━━ SUPPLIED INFORMATION ━━

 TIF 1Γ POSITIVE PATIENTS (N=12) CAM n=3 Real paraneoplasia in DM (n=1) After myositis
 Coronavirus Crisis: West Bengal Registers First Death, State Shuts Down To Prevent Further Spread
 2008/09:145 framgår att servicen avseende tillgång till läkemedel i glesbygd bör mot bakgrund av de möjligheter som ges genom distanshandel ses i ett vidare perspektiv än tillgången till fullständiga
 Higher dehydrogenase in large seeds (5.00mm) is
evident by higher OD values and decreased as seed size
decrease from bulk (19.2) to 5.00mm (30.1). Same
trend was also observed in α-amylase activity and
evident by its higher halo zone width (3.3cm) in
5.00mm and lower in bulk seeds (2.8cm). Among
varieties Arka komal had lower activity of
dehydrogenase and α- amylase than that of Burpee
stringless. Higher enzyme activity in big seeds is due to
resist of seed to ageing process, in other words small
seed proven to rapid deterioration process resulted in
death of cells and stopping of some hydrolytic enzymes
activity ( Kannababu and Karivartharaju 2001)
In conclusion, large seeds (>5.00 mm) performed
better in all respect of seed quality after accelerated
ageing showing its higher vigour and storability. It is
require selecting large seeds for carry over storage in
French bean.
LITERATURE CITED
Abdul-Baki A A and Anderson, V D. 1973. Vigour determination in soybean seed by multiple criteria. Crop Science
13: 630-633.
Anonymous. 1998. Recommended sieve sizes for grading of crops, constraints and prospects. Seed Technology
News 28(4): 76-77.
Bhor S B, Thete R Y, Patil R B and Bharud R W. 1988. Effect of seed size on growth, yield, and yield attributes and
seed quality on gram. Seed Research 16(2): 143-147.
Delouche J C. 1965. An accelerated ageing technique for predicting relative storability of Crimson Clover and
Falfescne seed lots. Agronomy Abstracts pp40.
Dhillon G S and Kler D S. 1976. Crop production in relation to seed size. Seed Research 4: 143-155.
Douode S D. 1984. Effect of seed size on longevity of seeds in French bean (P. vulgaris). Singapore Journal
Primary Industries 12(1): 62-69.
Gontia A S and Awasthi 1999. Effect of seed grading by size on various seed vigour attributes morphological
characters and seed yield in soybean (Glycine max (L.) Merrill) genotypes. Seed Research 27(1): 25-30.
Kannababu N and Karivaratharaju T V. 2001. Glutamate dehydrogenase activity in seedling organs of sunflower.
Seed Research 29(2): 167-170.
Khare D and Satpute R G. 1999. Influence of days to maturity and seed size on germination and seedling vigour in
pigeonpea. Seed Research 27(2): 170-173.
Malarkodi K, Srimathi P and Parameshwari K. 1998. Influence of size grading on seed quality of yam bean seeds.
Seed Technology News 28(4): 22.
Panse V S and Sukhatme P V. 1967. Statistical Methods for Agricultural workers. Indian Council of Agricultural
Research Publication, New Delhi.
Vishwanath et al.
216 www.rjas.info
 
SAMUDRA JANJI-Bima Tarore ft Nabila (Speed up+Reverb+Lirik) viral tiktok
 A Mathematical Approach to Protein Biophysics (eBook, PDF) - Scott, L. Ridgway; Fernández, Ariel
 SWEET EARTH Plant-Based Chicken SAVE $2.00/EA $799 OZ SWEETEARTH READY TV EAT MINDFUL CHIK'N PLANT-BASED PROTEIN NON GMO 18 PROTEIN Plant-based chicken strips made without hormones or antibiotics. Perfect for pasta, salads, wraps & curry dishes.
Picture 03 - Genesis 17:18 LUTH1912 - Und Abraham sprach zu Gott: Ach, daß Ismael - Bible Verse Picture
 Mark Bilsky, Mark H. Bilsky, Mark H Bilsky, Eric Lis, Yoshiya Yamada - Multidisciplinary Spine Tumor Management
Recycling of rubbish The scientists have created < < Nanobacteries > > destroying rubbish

━━━

GOAL OF THE EXERCISE =
Please return each line of the listing above that contains "quality".

SOLUTION TO THIS EXERCISE =
better in all respect of seed quality after accelerated
seed quality on gram. Seed Research 16(2): 143-147.
Malarkodi K, Srimathi P and Parameshwari K. 1998. Influence of size grading on seed quality of yam bean seeds.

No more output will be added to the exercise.